Just then, in the cockpit of the other cruiser, a man came out onto the stern wearing pajama trousers with no top and shouted, “Listen, you swine! Stop it, will you? There’s a lady trying to sleep down below.”
“A lady?” Wilson asked.
“Yes, goddam it, a lady,” the man said. “My wife. And you dirty bastards firing those flares to keep her awake and keep anybody from getting any sleep.”
“Why don’t you give her sleeping pills?” Frank said. “Rupert, send a boy for some sleeping pills.”
“Do you know what you do, colonel?” Wilson said. “Why don’t you just comport yourself as a good husband should? That’ll put her to sleep. She’s probably repressed. Maybe she’s thwarted. That’s what the analyst always tells my wife.”
They were very rough boys and Frank was way in the wrong but the man who had been pitching the drunk all day had gotten off to an exceedingly bad start with the approach he had taken. Neither John nor Roger nor Thomas Hudson had said a word. The other two, from the moment the man had come out onto the stern and yelled, “Swine,” had worked together like a really fast shortstop and second baseman.
“You filthy swine,” the man said. He did not seem to have much of a vocabulary and he looked between thirty-five and forty. It was hard to tell his age closely, even though he had switched on his cockpit lights. He looked much better than Thomas Hudson had expected him to look after hearing the stories all day and Thomas Hudson thought he must have gotten some sleep. Thomas Hudson remembered, then, that he had been sleeping at Bobby’s.
“I’d try Nembutal,” Frank told him very confidentially. “Unless she’s allergic to it.”

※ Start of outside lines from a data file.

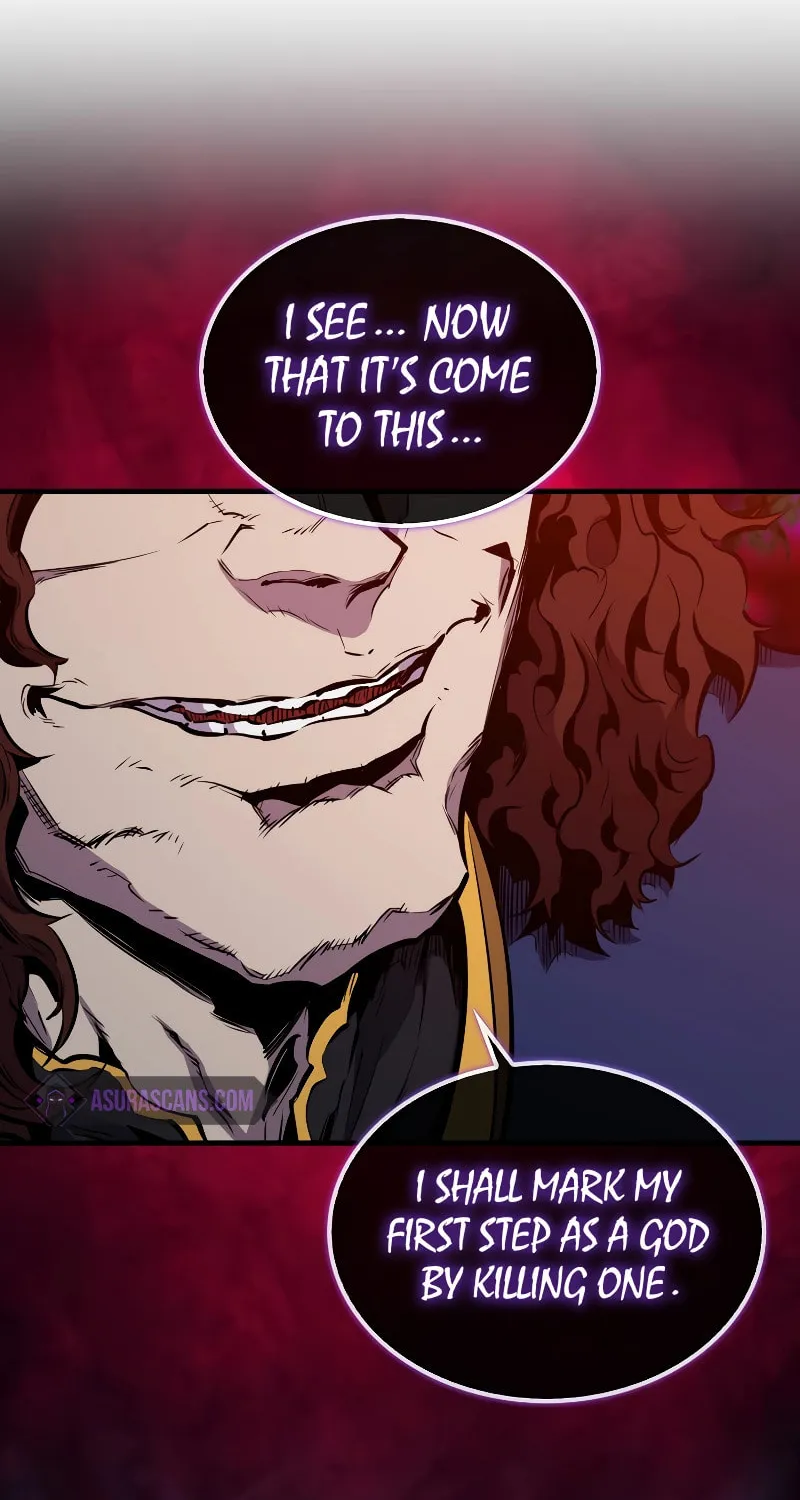 The Slumbering Ranker Chapter 103 page 91 - 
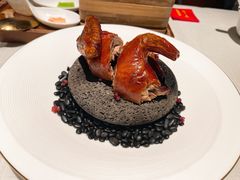 -许家菜(望江店)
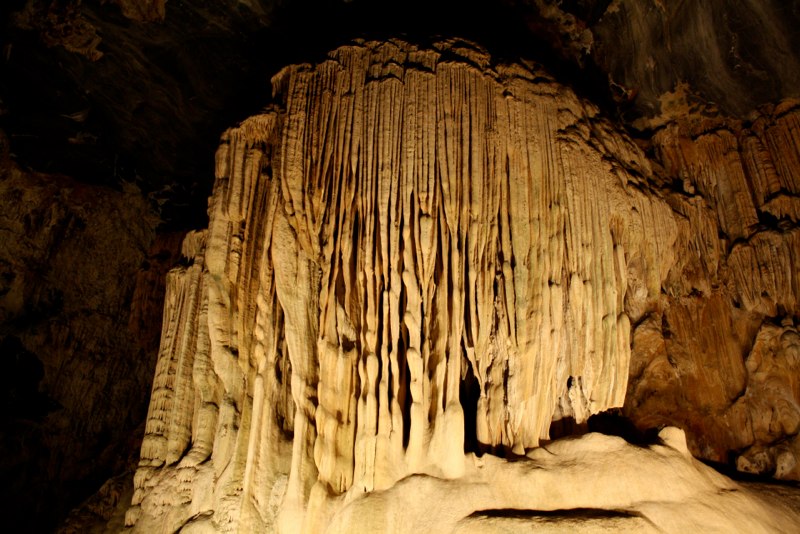 Cango cave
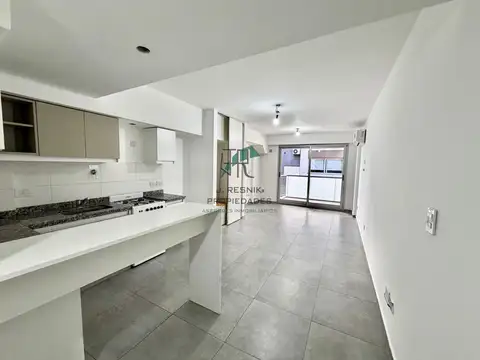 Avenida Gaona 1300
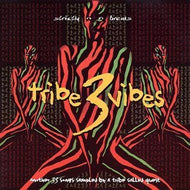 V.A. - T / TRIBE VIBES VOLUME 3
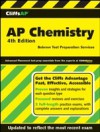 CliffsAP Chemistry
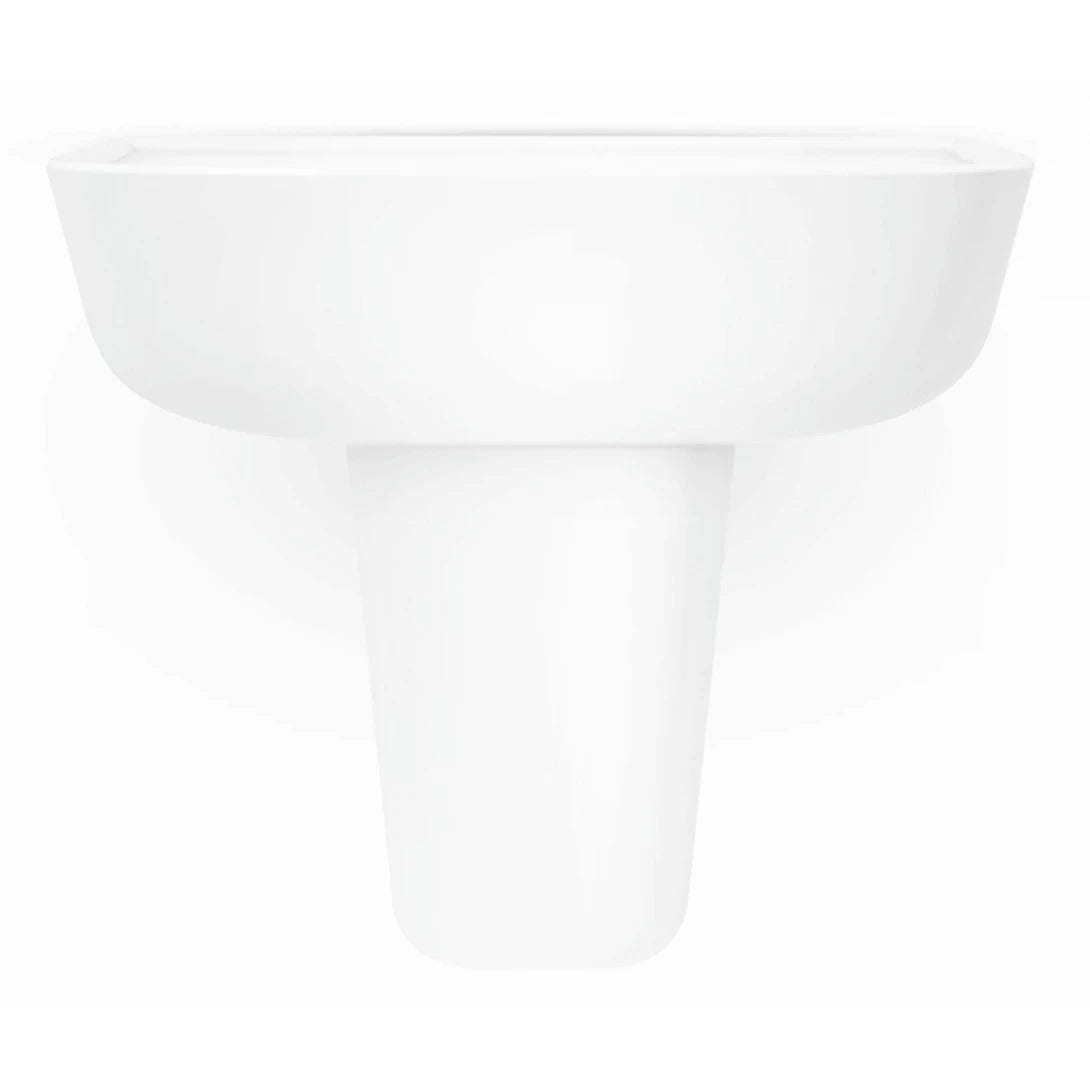 Lavabo American Standard VF-0262/VF-7062 Treo Tường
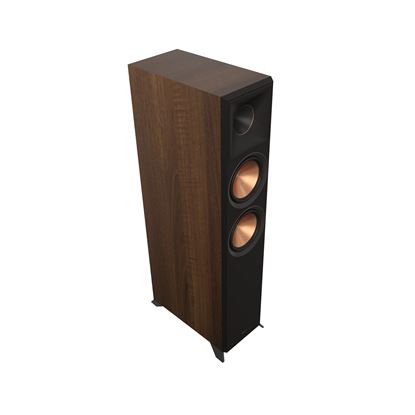 Picture of Reference II Floor Speaker 1" Tweeter Dual 6.5" Woofer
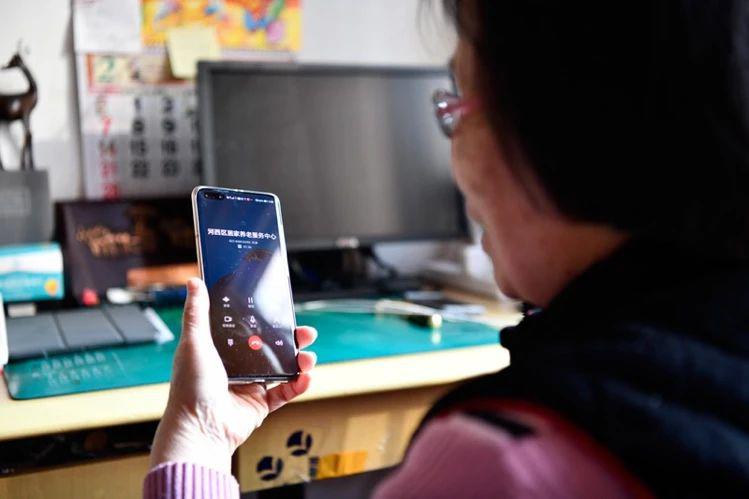 老齡化問(wèn)題逐漸凸顯，智慧養(yǎng)老能解決老人獨(dú)居的種種問(wèn)題嗎？(圖5)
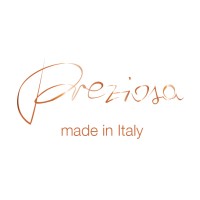 Preziosa Jewelry logo - Similar company to Cose Di Tè
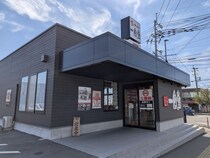 熊本にはここだけ【一風堂 健軍東町店】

“I don’t see why she’s so dissatisfied,” Fred Wilson told him. “Why you’re quite a fine-looking physical specimen. You really look pretty damned good. I’ll bet you’re the terror of the Racquet Club. What does it cost you to keep in that wonderful shape? Look at him, Frank. Did you ever see as expensive a looking top of a man as that?”
“You made a mistake though, governor,” Frank told him. “You’re wearing the wrong end of your pajamas. Frankly I’ve never seen a man wearing that bottom part before. Do you really wear that to bed?”
“Can’t you filthy-mouthed swine let a lady sleep?” the man said.
“Why don’t you just go down below,” Frank said to him. “You’re liable to get in trouble around here using all those epithets. You haven’t got your chauffeur here to look after you. Does your chauffeur always take you to school?”
“He doesn’t go to school, Frank,” Fred Wilson said, putting aside his guitar. “He’s a big grown-up boy. He’s a businessman. Can’t you recognize a big businessman?”
“Are you a businessman, sonny?” Frank asked. “Then you know it’s good business for you to run along down into your cabin. There isn’t any good business for you up here.”
“He’s right,” Fred Wilson said. “You haven’t any future around with us. Just go down to your cabin. You’ll get used to the noise.”
“You filthy swine,” the man said and looked at them all.
“Just take that beautiful body down below, will you?” Wilson said. “I’m sure you’ll get the lady to sleep.”
“You swine,” the man said. “You rotten swine.”
“Can’t you think up any other names?” Frank said. “Swine’s getting awfully dull. You better go down below before you catch cold. If I had a wonderful chest like that I wouldn’t risk it out here on a windy night like this.”